• [Supplied material]
----------------------------------------

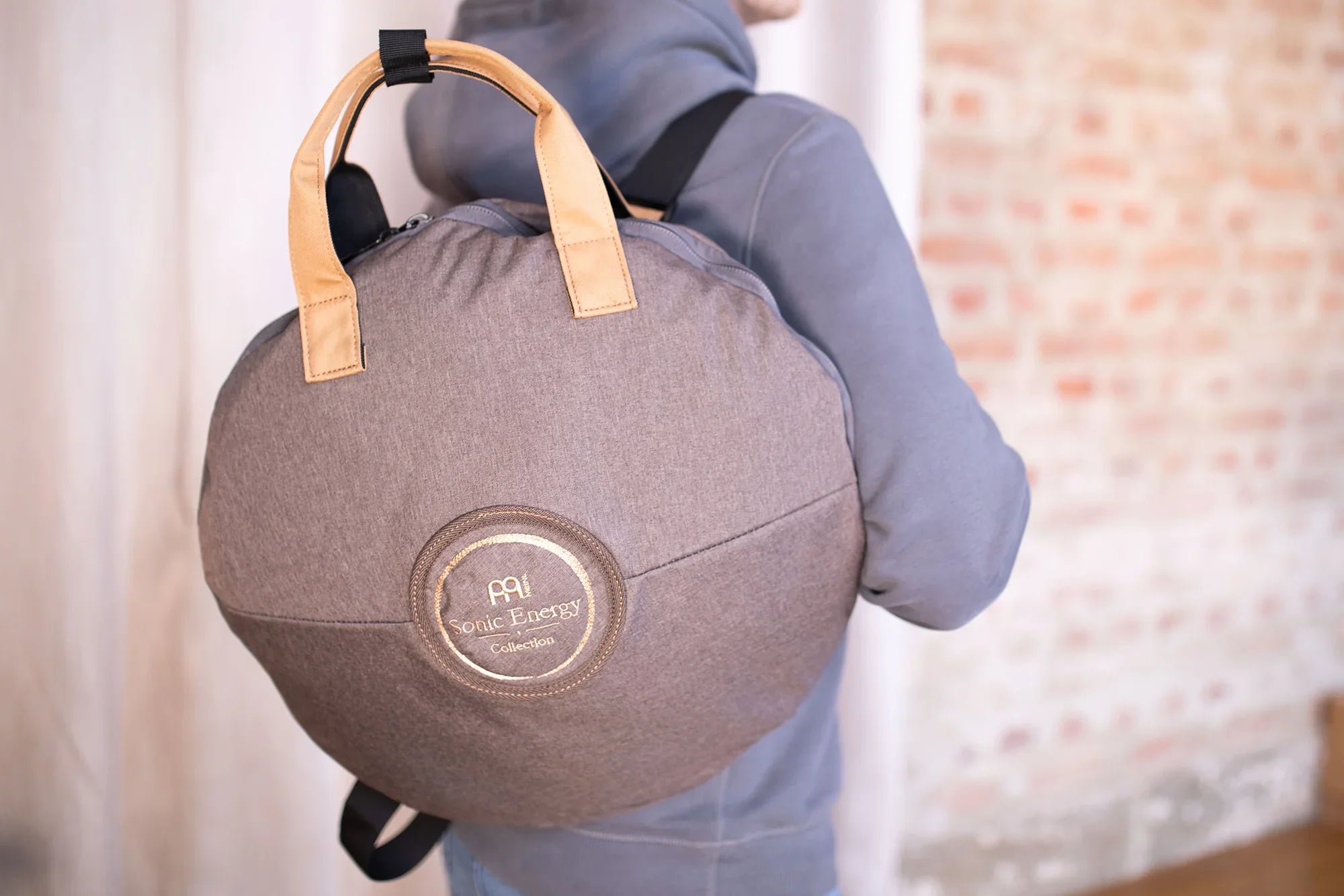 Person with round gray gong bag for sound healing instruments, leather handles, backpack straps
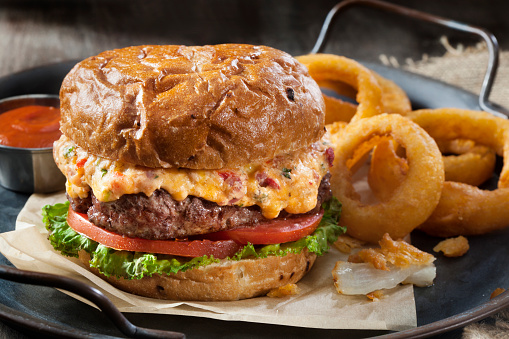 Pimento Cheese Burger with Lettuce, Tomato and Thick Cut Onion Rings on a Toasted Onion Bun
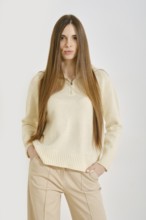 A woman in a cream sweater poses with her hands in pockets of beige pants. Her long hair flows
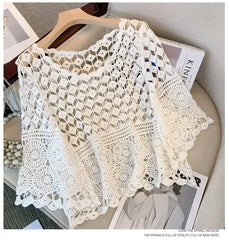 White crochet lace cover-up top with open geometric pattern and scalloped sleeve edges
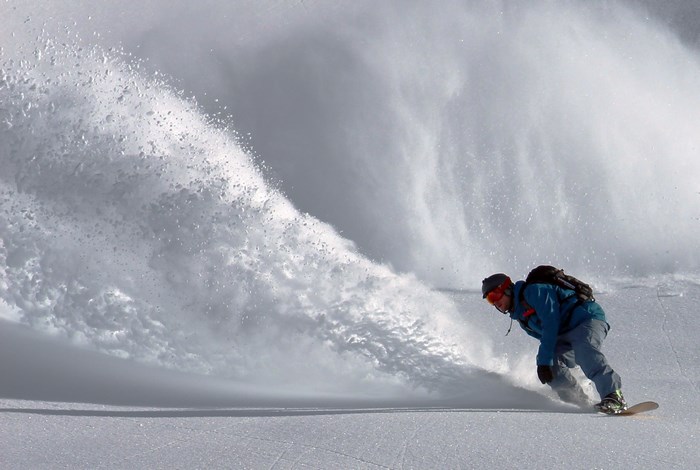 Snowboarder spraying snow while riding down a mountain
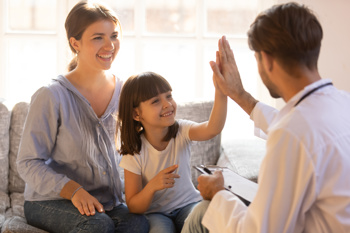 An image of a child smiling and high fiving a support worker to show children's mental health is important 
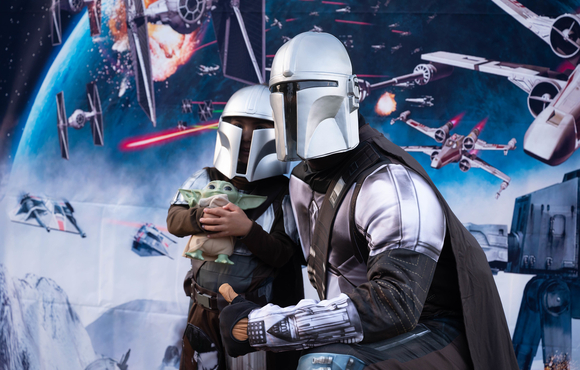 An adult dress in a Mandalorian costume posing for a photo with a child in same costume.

----------------------------------------

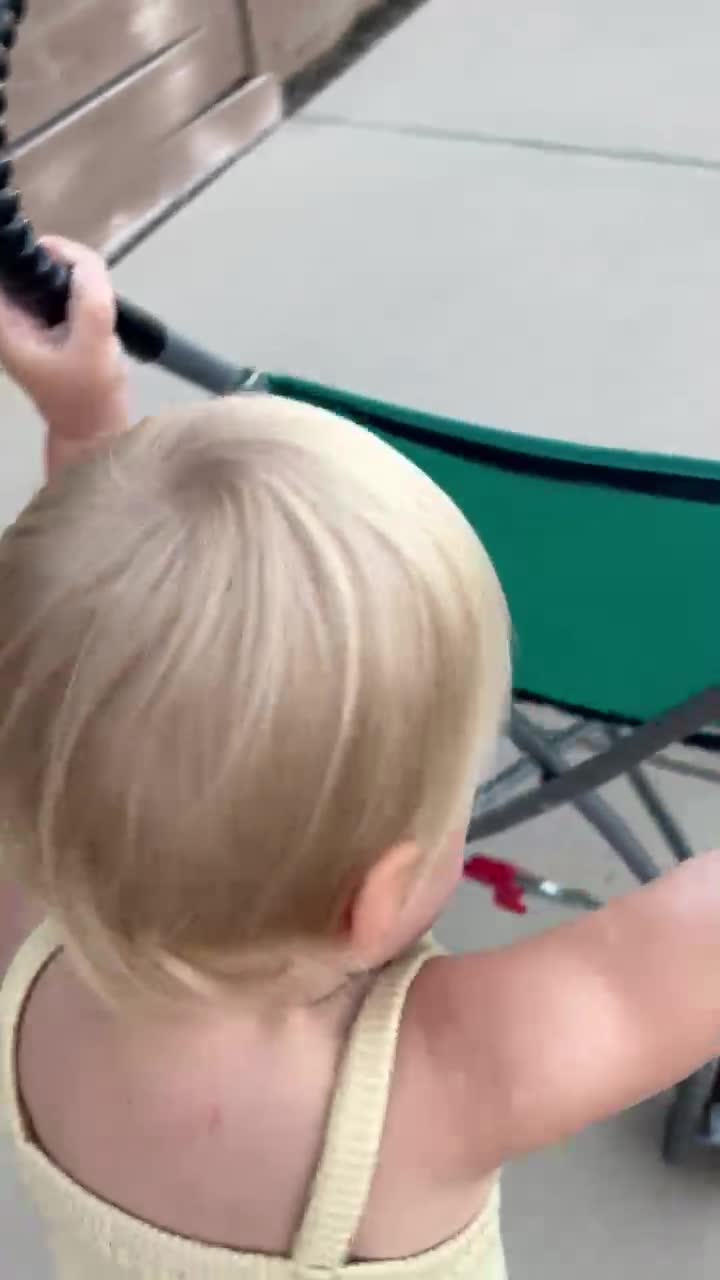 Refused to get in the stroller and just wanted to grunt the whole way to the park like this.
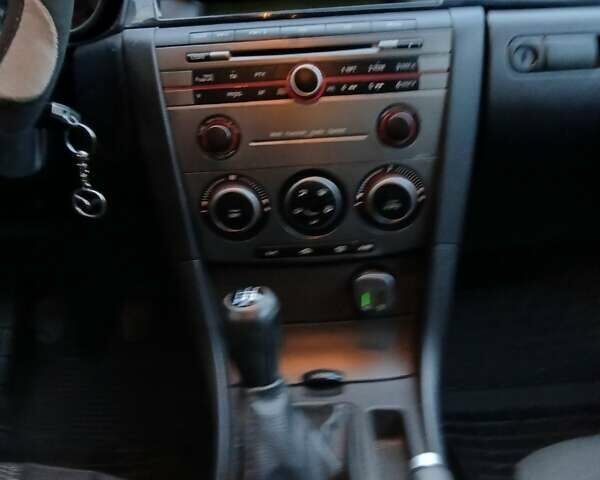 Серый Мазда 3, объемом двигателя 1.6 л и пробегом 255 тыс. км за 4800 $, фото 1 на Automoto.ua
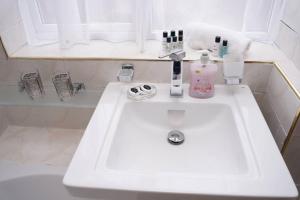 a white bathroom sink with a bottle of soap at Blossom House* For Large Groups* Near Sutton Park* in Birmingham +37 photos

----------------------------------------

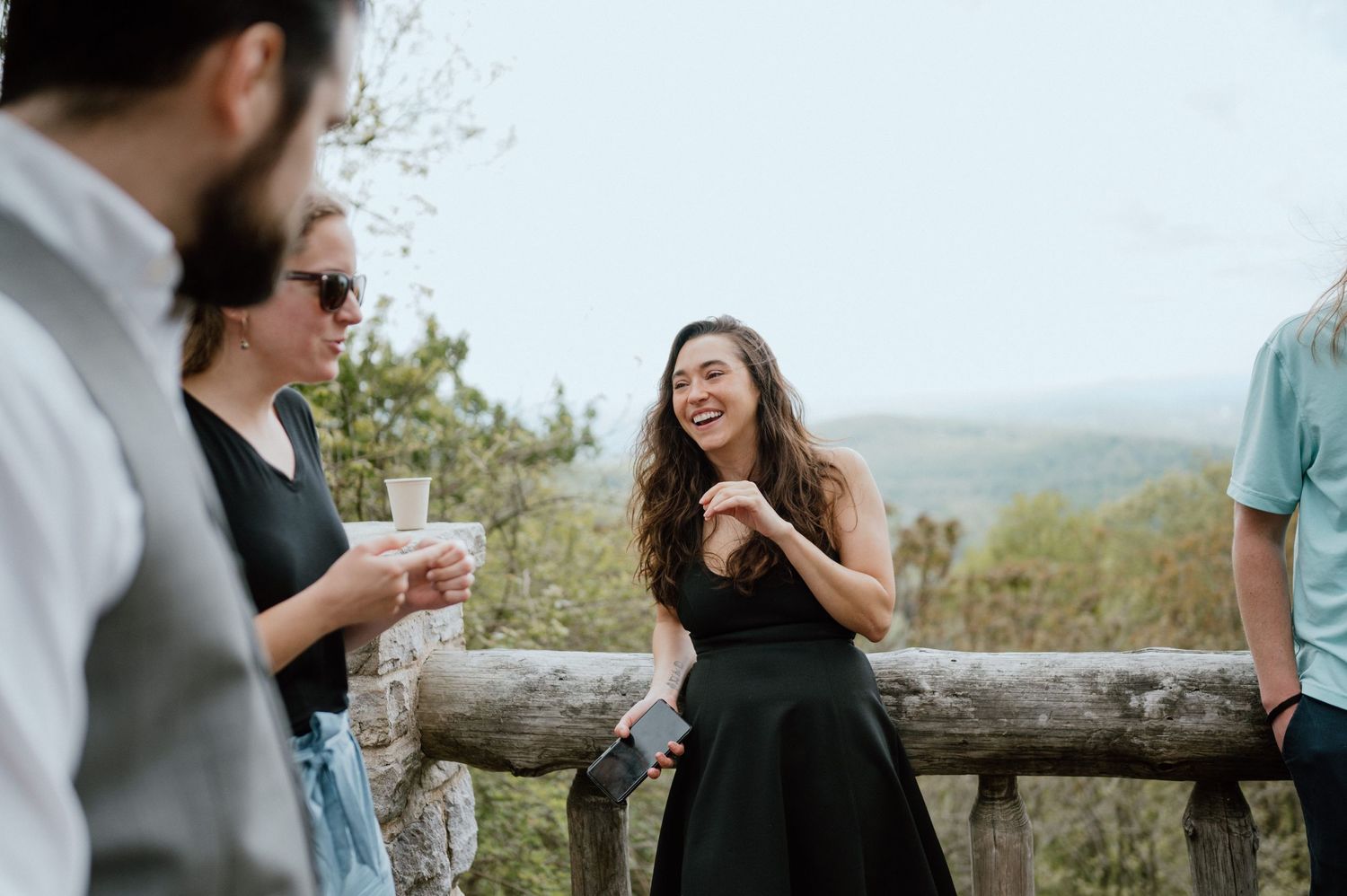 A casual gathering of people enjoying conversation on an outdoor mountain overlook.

----------------------------------------

• [Exercise details] Exercise for the records above: copy only the lines from the one with "Person with round" to the one with "An image of", both ends kept, and drop the pictures.

• [Task output]
 Person with round gray gong bag for sound healing instruments, leather handles, backpack straps
 Pimento Cheese Burger with Lettuce, Tomato and Thick Cut Onion Rings on a Toasted Onion Bun
 A woman in a cream sweater poses with her hands in pockets of beige pants. Her long hair flows
 White crochet lace cover-up top with open geometric pattern and scalloped sleeve edges
 Snowboarder spraying snow while riding down a mountain
 An image of a child smiling and high fiving a support worker to show children's mental health is important 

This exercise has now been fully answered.